During the VIP preview, determined kids tried dozens of times to make their cars soar through the Wheel of Death before eventually tackling the challenge with arms raised in a celebratory victory V.

Unsuccessful drivers confounded by the tires or aerodynamics of their cars — most often parents rather than their kids — needed to look no further than the driver in the rearview mirror to find the reason their race car couldn’t thread the needle and successfully navigate the Wheel of Death. Practice makes perfect. Kids understand that. By and large, parents at the VIP preview lacked the patience and determination of their offspring.

The five Build and Race tracks are gravity-fed contraptions not unlike the Rube Goldberg-like Matchbox track sets that kids have jury rigged in their living rooms for generations.

There are two tracks for beginners — one that passes under a massive Ferrari engine with a satisfying revving roar and an undulating Duplo version for the littlest tots.

Competitive types will be drawn to the Speed Track where six Lego Ferraris race side by side. Times are measured to the 1,000th of second with a winner crowned after every race. It takes longer for the kids and parents to gather their cars at the finish line and run back to the starting line then it does to complete a race on the ramped track. Winning times usually clock in around the one-second mark.
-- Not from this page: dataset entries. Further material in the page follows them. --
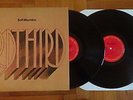 Soft Machine Third 2LP M/M Columbia CG 30339 barely played. other photos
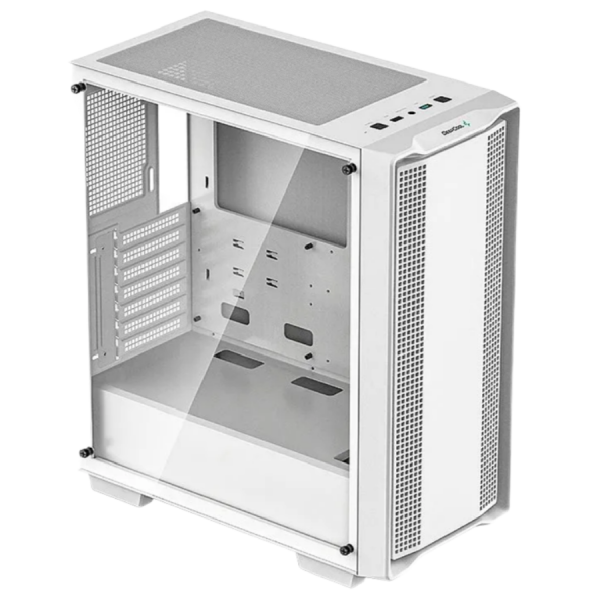Корпус DeepCool CG540 White
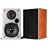 Polk Audio M10 Cherry Bookshelf Speaker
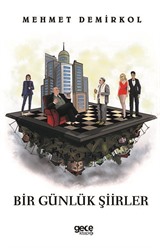 Bir Günlük Şiirler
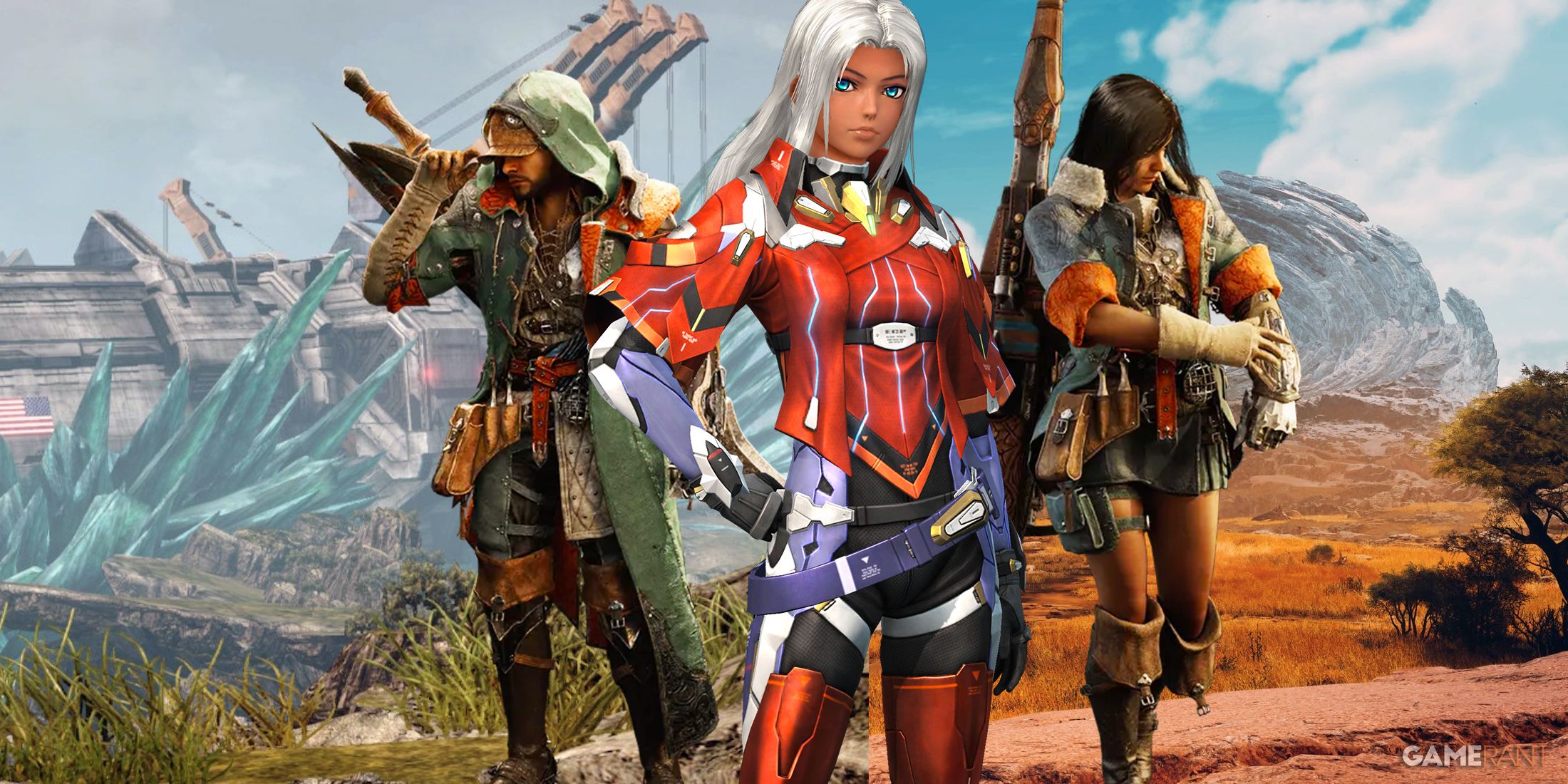 Monster Hunter Wilds'tan Ücretsiz Güncellemeler: 2025'e Kadar Heyecan Dolu İçerikler Geliyor!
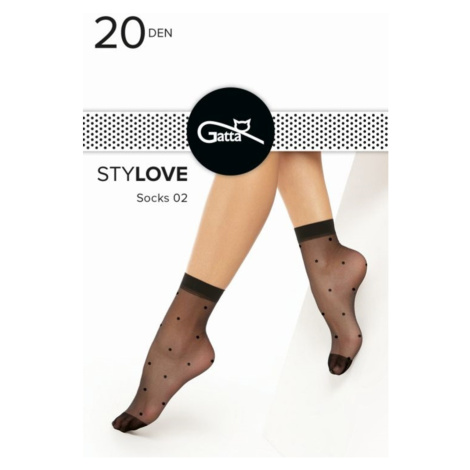 Gatta Stylove 02 farba:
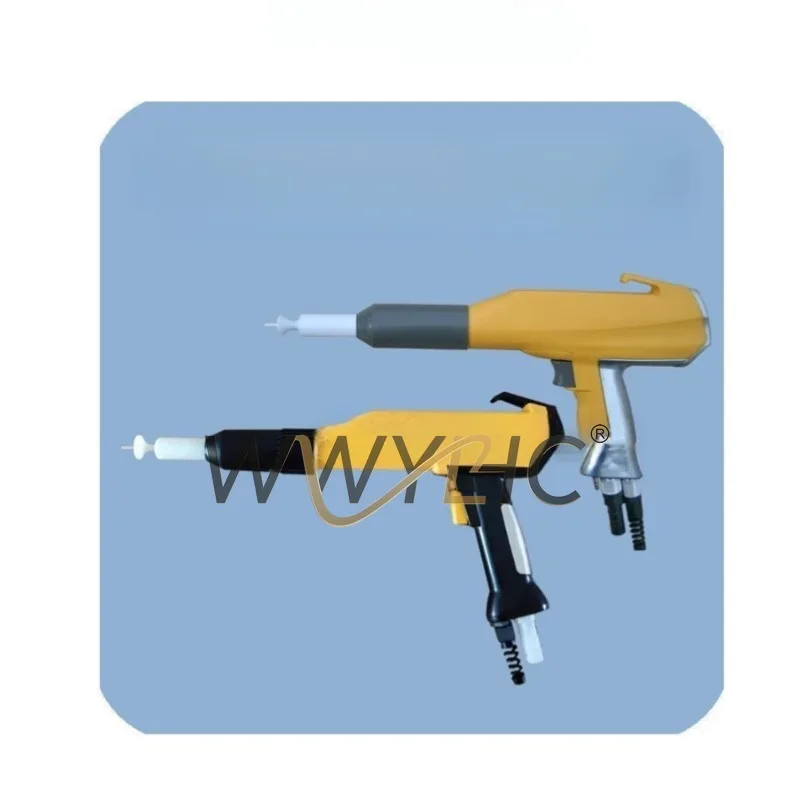 Suitable for Discharge Needle, Electrostatic Spraying Machine Accessories, Conductive Needle, Conductive Seat
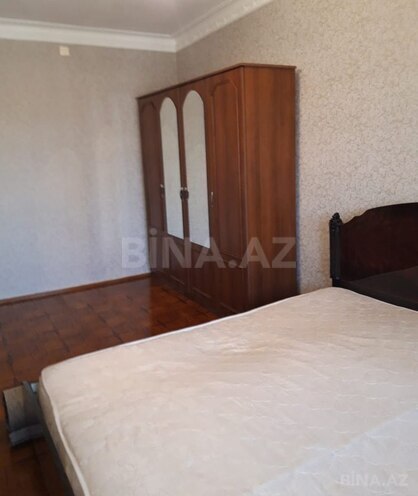 3 otaqlı köhnə tikili - Nərimanov r. - 87 m² (3)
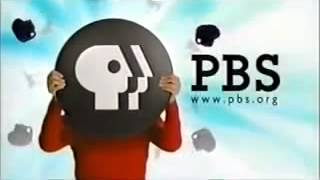 PBSPublic Broadcasting Service Logo 19982002 [upl. by Wera]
The final Racing Zone is inspired by Ferrari’s Pista Di Fiorano research and development test track in Italy. Drivers digitally scan their Lego Ferraris and transform their brick-built creations into video game race cars. The six scanning stations gauge the weight, drag and downforce of the Lego Ferraris and let racers customize their digital cars with race numbers, racing stickers and color schemes.

You’ll need to decide on engine and tire types based on the track conditions — which could be sunny or rainy. Pay close attention because the weather at the virtual Pista Di Fiorano changes every 30 seconds.

After the last-minute adjustments, it’s time to race your digital doppelganger on a video game track the size of a two-car garage. You’ll have two controllers — one for a speed boost and the other for lane changes. The tin can-sized “buttons” are not really buttons. You don’t press them. They are motion sensors.

Novice drivers who press their hands on the speed button for the entire two-lap race will be disappointed by their utter lack of oomph. The trick is to swipe over the booster button on the straightaways and conserve your limited amount of RPMs for key passing moments when the Lane Switch button comes into use.

Real-world Lego spectators, race cars and pit stop buildings line the digital race track that features a number of hairpin turns and elevation changes.

Even though it’s “your” car, you can’t take it home with you. Legoland model citizens — Lego-speak for employees — are on hand at the exit to retrieve your Lego Ferrari and ferry it back to the starting line of the attraction. There’s a display wall near the exit for the most creative Lego race cars built throughout the day.